L’actuel marasme économique tunisien baigne sur les vagues d’eaux troubles et boueuses d’une ambiance délétère dominée par des rhétoriques complotistes et conspirationnistes. Des rhétoriques clivantes, négatives et divisives pour le peuple tunisien. C’est la logique du diviser pour régner ! Les élites politiques doivent donner l’exemple, et surtout éviter d’incarner le contre-exemple!
Par Moktar Lamari *
Les politiciens tunisiens de tout acabit sont à couteau tiré, tous contre tous! Ils sont accusatoires, vulgaires et cyniques, prêts à tout faire pour incriminer et accuser les autres, pour se dédouaner eux-mêmes et se laver les mains de leur propre échec et mal-gouvernance du pays. C’est faire de la petite politique politicienne.
Est-ce cela la démocratie made in Tunisia? Est-ce cela le Printemps arabe? Est-ce cela l’engagement en politique?
Ambiance délétère!
Les politiciens et élites répètent en boucle «ce n’est pas ma faute, c’est celle des autres, ces traîtres, ces voleurs, ces spéculateurs, ces corrompus qui sont responsables des pénuries, misères et effondrement de l’Etat tunisien…».
C’est leur façon de faire la politique, c’est leur façon de ruiner la Tunisie, les deux doigts dans le nez!
Une rhétorique populiste, plus souvent qu’autrement, sans faire appel à des évaluations objectives, sans démonstrations et sans preuves tangibles, hors de tout doute.

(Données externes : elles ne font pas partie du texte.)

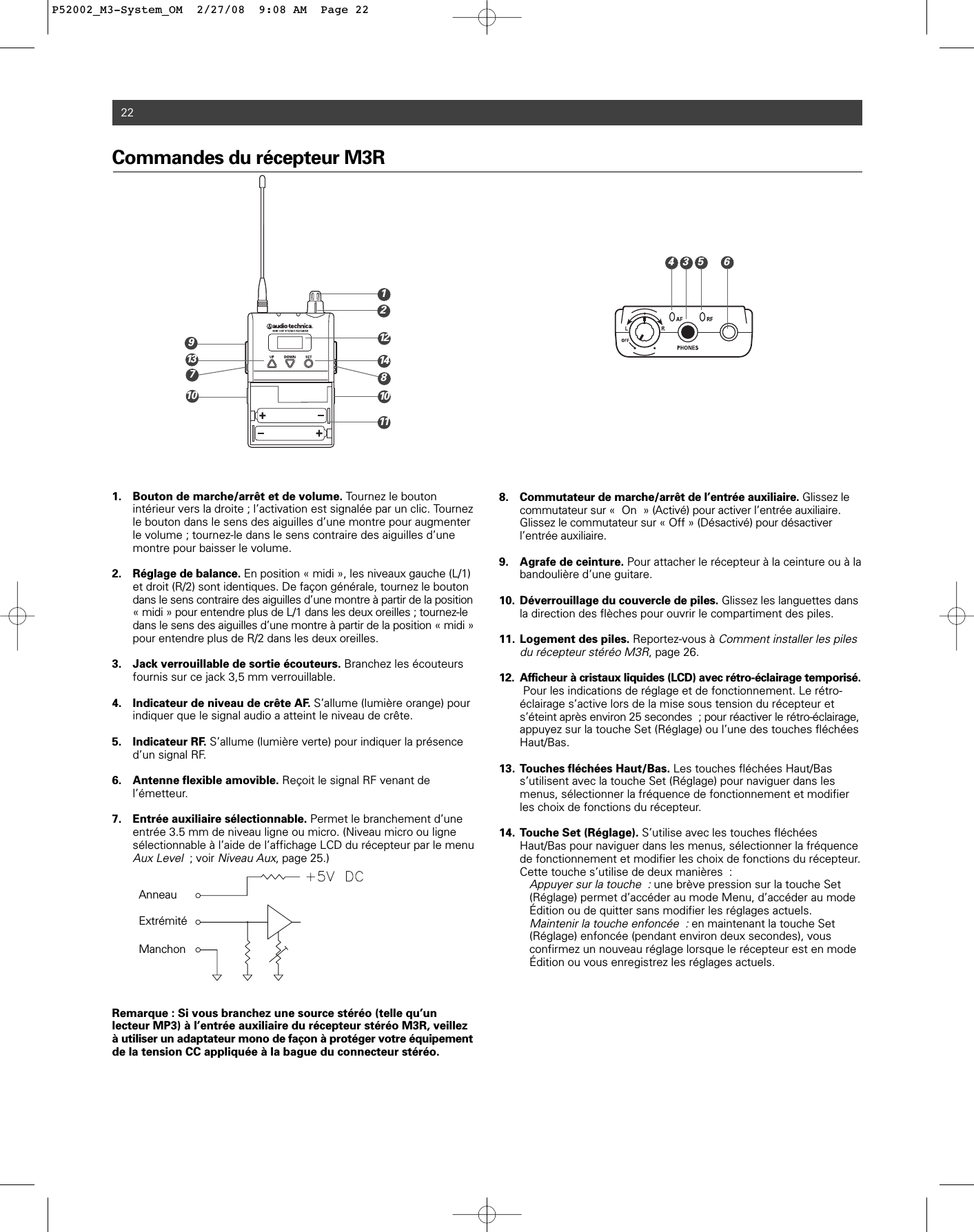 Commandes du récepteur M3R1. Bouton de marche/arrêt et de volume. Tournez le bouton intérieur vers la droite ; l’activation est signalée par un clic. Tournez le bouton dans le sens des aiguilles d’une montre pour augmenter le volume ; tournez-le dans le sens contraire des aiguilles d’une montre pour baisser le volume.2. Réglage de balance. En position « midi », les niveaux gauche (L/1) et droit (R/2) sont identiques. De façon générale, tournez le bouton dans le sens contraire des aiguilles d’une montre à partir de la position« midi » pour entendre plus de L/1 dans les deux oreilles ; tournez-le dans le sens des aiguilles d’une montre à partir de la position « midi »pour entendre plus de R/2 dans les deux oreilles. 3. Jack verrouillable de sortie écouteurs. Branchez les écouteurs fournis sur ce jack 3,5 mm verrouillable.4. Indicateur de niveau de crête AF. S’allume (lumière orange) pour indiquer que le signal audio a atteint le niveau de crête.5. Indicateur RF. S’allume (lumière verte) pour indiquer la présence d’un signal RF.6. Antenne flexible amovible. Reçoit le signal RF venant de l’émetteur. 7. Entrée auxiliaire sélectionnable. Permet le branchement d’une entrée 3.5 mm de niveau ligne ou micro. (Niveau micro ou ligne sélectionnable à l’aide de l’affichage LCD du récepteur par le menu Aux Level; voir Niveau Aux, page 25.) Remarque : Si vous branchez une source stéréo (telle qu’unlecteur MP3) à l’entrée auxiliaire du récepteur stéréo M3R, veillezà utiliser un adaptateur mono de façon à protéger votre équipementde la tension CC appliquée à la bague du connecteur stéréo.8. Commutateur de marche/arrêt de l’entrée auxiliaire. Glissez le commutateur sur « On » (Activé) pour activer l’entrée auxiliaire. Glissez le commutateur sur « Off » (Désactivé) pour désactiver l’entrée auxiliaire.9. Agrafe de ceinture. Pour attacher le récepteur à la ceinture ou à la bandoulière d’une guitare.10. Déverrouillage du couvercle de piles. Glissez les languettes dansla direction des flèches pour ouvrir le compartiment des piles.11. Logement des piles. Reportez-vous à Comment installer les piles du récepteur stéréo M3R, page 26. 12. Afficheur à cristaux liquides (LCD) avec rétro-éclairage temporisé.Pour les indications de réglage et de fonctionnement. Le rétro-éclairage s’active lors de la mise sous tension du récepteur et s’éteint après environ 25 secondes ; pour réactiver le rétro-éclairage,appuyez sur la touche Set (Réglage) ou l’une des touches fléchées Haut/Bas. 13. Touches fléchées Haut/Bas. Les touches fléchées Haut/Bas s’utilisent avec la touche Set (Réglage) pour naviguer dans les menus, sélectionner la fréquence de fonctionnement et modifier les choix de fonctions du récepteur.14. Touche Set (Réglage). S’utilise avec les touches fléchées Haut/Bas pour naviguer dans les menus, sélectionner la fréquence de fonctionnement et modifier les choix de fonctions du récepteur.Cette touche s’utilise de deux manières :Appuyer sur la touche :une brève pression sur la touche Set (Réglage) permet d’accéder au mode Menu, d’accéder au mode Édition ou de quitter sans modifier les réglages actuels.Maintenir la touche enfoncée :en maintenant la touche Set (Réglage) enfoncée (pendant environ deux secondes), vous confirmez un nouveau réglage lorsque le récepteur est en mode Édition ou vous enregistrez les réglages actuels.22AnneauExtrémitéManchon2146713 14111298101035P52002_M3-System_OM  2/27/08  9:08 AM  Page 22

Son excellence le président Kaïs Saïed est passé maître en la matière, en répétant en boucle: «Ce n’est pas moi, ce sont les autres»!
Pourtant il est président depuis presque 4 ans, et alors qu’il a tous les pouvoirs en main depuis deux ans. L’Etat c’est lui !
Mais Kaïs Saïed n’est pas le seul, loin s’en faut. Le recours au complotisme et à la conspiration est désormais un sport national, pratiqué par tous les partis et un grand nombre de politiciens, de médias et d’élites corrompues.
Et même les économistes de ces médias populistes ne font pas exception, les preuves économétriques ne font pas partie de leurs valeurs, de leur culture et boites à outils. On n’a pas honte de se tromper, ou de dire la chose et son contraire, la même semaine!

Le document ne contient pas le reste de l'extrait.